33

18 3 0
                                    

Happy Reading
.
.
.
.

Hampir seminggu Kirana mengurung diri di kamar, baik si bibi maupun nyonya Wening yang berusaha membujuk Kirana untuk makan pun tetap tak berhasil.

Kondisinya parah, tubuhnya semakin kurus dan rambut yang acak-acakan.

Masih menatap kosong, entah pikirannya yang mungkin sudah kemana-mana.

Hari ini, ia mulai berdiri dari senderannya.

Menatap sekeliling kamar tanpa minat lalu berjalan ke arah cermin di samping meja nakas tempat tidurnya, melihat pantulan dirinya di sana.

Kacau sekali.

Tubuhnya yang kurus semakin kurus ia lihat, matanya sayu dan sembab menatap kosong ke arah cermin.

Dunia memang kejam.

Sekarang ia mengerti.

Tak ada gunanya lagi hidup baginya, semuanya hancur, perasaannya hancur.

Dunia terlalu kejam untuk dirinya yang bertemu dengan Gapura.

Tatapan Kirana masih kosong namun kedua tangannya ia gerakkan untuk merapikan rambut hitam sepunggungnya, berjalan gontai ke lemari mencari pakaian ganti.

Ia akan pergi, entah ke mana.

Yang jelas dirinya tak ingin berada di dunia ini.

Pelahan knop pintu ia buka, suasana rumah kosong dan sepi.

Berjalan menuruni tangga hingga keluar dari pintu rumah, beberapa pengawal mencegatnya namun Kirana melepaskan dirinya dengan paksa.

“Biarin gue pergi!”

“Nona, kondisi anda sedang tak baik.
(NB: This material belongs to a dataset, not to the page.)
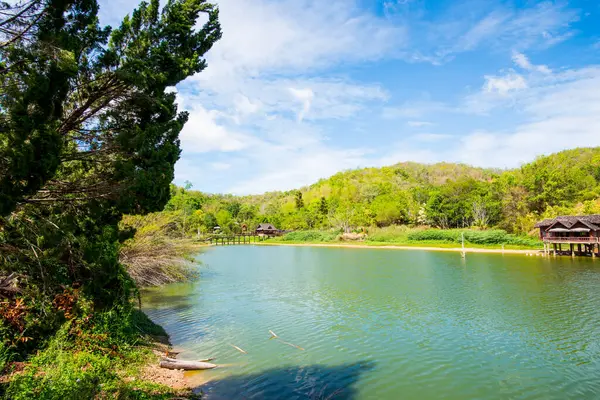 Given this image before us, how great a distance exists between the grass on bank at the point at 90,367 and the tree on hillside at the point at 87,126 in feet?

Anda harus tetap di rumah, ini perintah”

Kirana tak peduli dengan semua itu, ia berusaha melepaskan kedua tangannya yang ditahan pengawal hingga terlepas.

Dari dalam rumah, si bibi dan nyonya Wening keluar menghampiri Kirana,

“Non, masuk. Non Kirana masih kurang sehat, saya buatkan makanan buat non, ya?”

“Biarkan dia bi, Kirana butuh tenang sekarang” gumam nyonya Wening menatap pilu putri satu-satunya itu.

Sama seperti dirinya dulu, perasaannya yang hancur namun masih bisa bertahan sampai sekarang hanya demi Kirana.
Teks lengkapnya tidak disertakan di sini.